1812: Detroit falls to British and Indian forces in the War of 1812.

1858: A telegraphed message from Britain’s Queen Victoria to President James Buchanan is transmitted over the recently laid trans-Atlantic cable.

1920: Ray Chapman of the Cleveland Indians is struck in the head by a pitch thrown by Carl Mays of the New York Yankees. (Chapman died the following morning.)

1948: Baseball legend Babe Ruth dies in New York at age 53.

1977: Elvis Presley dies at his Graceland estate in Memphis, Tenn., at age 42.

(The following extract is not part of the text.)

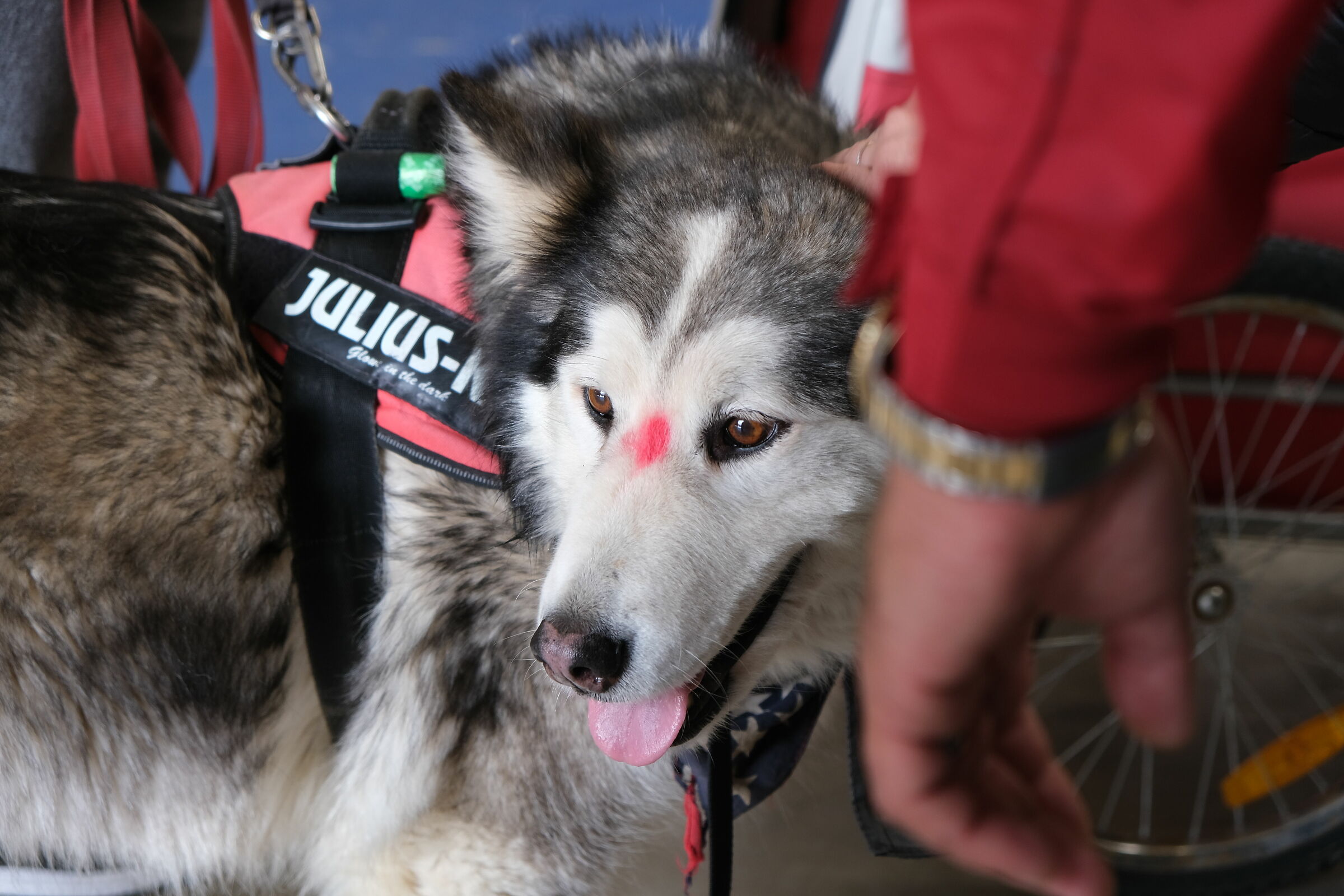 Bindi-the third eye of the Husky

1987: Some 156 people are killed when Northwest Airlines Flight 255 crashes while trying to take off from Detroit; the sole survivor is 4-year-old Cecelia Cichan.

1999: The U.S. version of the quiz show “Who Wants to Be a Millionaire,” hosted by Regis Philbin, begins a limited two-week run on ABC.

2000: Delegates to the Democratic National Convention in Los Angeles nominate Al Gore for president.

2003: Idi Amin, the former dictator of Uganda, dies in Saudi Arabia at 80.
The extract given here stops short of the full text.